The data we work with is a data on hotel reviews. This dataset consists of roughly 515,000 customer reviews of 1,493 luxury hotels in Europe. To make the data more workable, we decided to use a 10,000 random subsample which only includes 1,310 of the total hotels. For each review, we have the positive feedback, the negative feedback, characteristics of the hotel (hotel name, hotel address, the longitude and latitude of the hotel, and the average score for the hotel), and characteristics of the review (reviewer nationality, review date, and the reviewer score). For each type of review, we are also given word counts. Finally, there was a column for some aggregations such as the the total number of reviews, total numbers of ratings (without reviews), and total number of reviews done by the reviewer. The given text was preprocessed by removing Unicode and changing all text to lowercase.
In this analysis, we are interested in analyzing the factors that influence hotel reviews. There are two large questions we examine: + What are the factors associated with differences in average scores for hotels? + What are the factors associated with differences in individual reviews? Within these larger questions, we will take deeper dives into smaller subquestions such as focusing on text analysis or geographic analysis.

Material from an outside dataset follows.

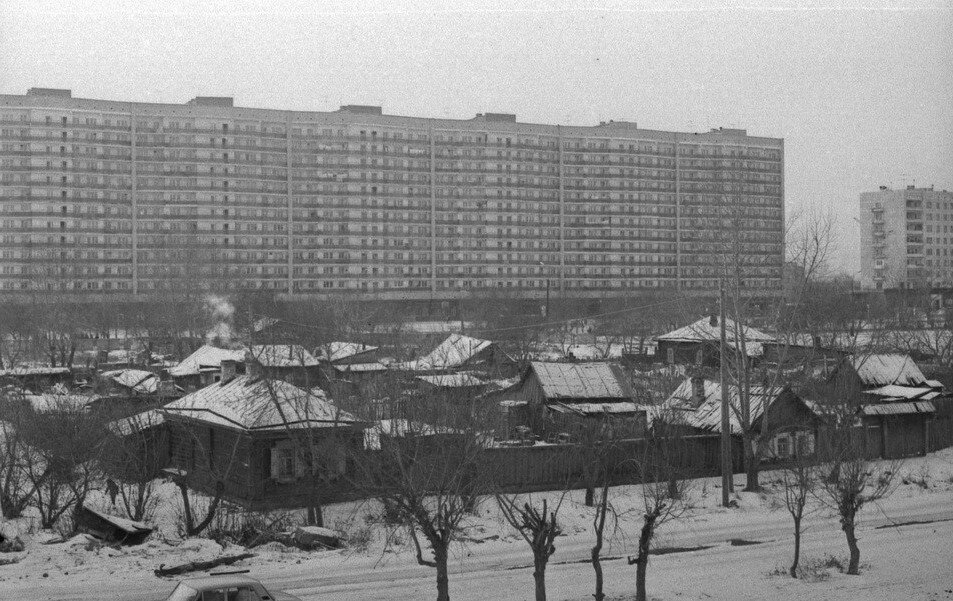 Фото с сайта turkontora.ru Тюмень 1970-е годы место площади 400-летия Тюмени.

In this section, we are interested in looking at the factors that are associated with differences in average scores. Thus, we would be interested to see how aggregate features relate to the average score of the hotel, such as looking at the total number of ratings a hotel receives and the average score. Popular hotels may be more likely to receive a high number of reviews and also have good scores.
From the relationship between average score and the total number of reviews (as well as the fitted Loess curve), we can see barring the area of outliers in the curve (at very high numbers of outliers), it is a very flat curve. This suggests there really isn’t much of a strong relationship between the total number of reviews and the average score.
Another factor that is important in understanding influencing average scores is the geography. Perhaps certain regions consistently receive higher reviews than other ones for whatever reason.
From the choropleth, we can see that Austria and Spain are on the higher end for average score of hotels within their borders whereas the United Kingdom and the Netherlands are on the opposite end. That being said, we likely can extract any generalizable patterns. From this map, its hard to say if there is any clear geographic clustering that would explain the results.
There is however, the opposite pattern we can look for. We can also take a look at which countries generate the most reviewers to understand where this data is being generated. This can give us insight on the possible priorities of people reviewing the data. Having made the plot, we remove the UK for the final plot since it completely dominated the initial plot.
We can see that a lot of the data is driven by traditionally “Western” countries including the UK, the USA, Australia, Ireland, and Switzerland. There is also an interesting core of reviews from the UAE and Saudi Arabia. This makes sense since our data is mostly for luxury hotels in Europe.
Do more reviews mean more people were unhappy with their stay at the hotel? From personal experience, we have only really seen people leave reviews because they weren’t satisfied with their stay somewhere, or didn’t like the service at a restaurant, etc. In order to answer this question, we constructed the below plot.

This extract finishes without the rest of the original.